Loches, France – A wooden replica of Citroen's iconic 2CV, built by a French cabinetmaker using a variety of timbers including apple, pear and cherry, is ready to hit the road.
Pensioner Michel Robillard took six years to complete his most ambitious creation to date: a full-sized working replica of the car dubbed the "Umbrella on Wheels", built completely by hand and almost entirely out of wood.
The curved bonnet was carved out of a single block, and its louvres were honed with a wood chisel and sandpaper.
The 2CV – which stands for "deux chevaux", meaning "two horsepower" – was launched in 1948 as Citroen's answer to the Volkswagen Beetle.

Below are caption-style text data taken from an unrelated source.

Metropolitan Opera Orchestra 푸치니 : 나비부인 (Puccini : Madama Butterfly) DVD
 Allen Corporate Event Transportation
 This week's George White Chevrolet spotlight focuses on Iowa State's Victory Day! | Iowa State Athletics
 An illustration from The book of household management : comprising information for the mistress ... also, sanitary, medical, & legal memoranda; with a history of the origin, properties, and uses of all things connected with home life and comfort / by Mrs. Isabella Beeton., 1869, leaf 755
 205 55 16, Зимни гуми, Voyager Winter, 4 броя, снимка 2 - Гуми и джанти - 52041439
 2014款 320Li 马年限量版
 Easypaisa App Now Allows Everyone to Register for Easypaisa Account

Robillard keeps his smooth, shiny creation in his workshop in central France, along with 15 detailed mock-ups for the project.
The vehicle has an original engine from Citroen's later 3CV model, giving it the extra power needed to propel the naturally heavier wooden structure.
The wooden body is protected from the heat of the engine by a layer of insulation.
Besides the engine, the vehicle's metal chassis, wheels and headlights are the only parts the bearded Frenchman did not make himself.
"The hubcaps are made out of wood, just like the car's seats, which come with comfortable pillows," he said.
'I'm always looking for a challenge!'
The vehicle has yet to pass roadworthy inspection, but it has already caught the attention of prospective buyers. Robillard is not selling, however, viewing the creation as something that will "remain after I'm gone".
Robillard would like to put the car on display in an art gallery, or see it featured in a big-budget TV advert or film.
A woodworker since the age of 14, Robillard began making miniature wooden replicas of the world's most famous cars in the 1990s.
He has won several prizes for his intricate work, including a Harley-Davidson motorcycle and sidecar that took more than 500 hours to complete.
"It takes a whole day just to make a wheel out of walnut-tree wood," he said.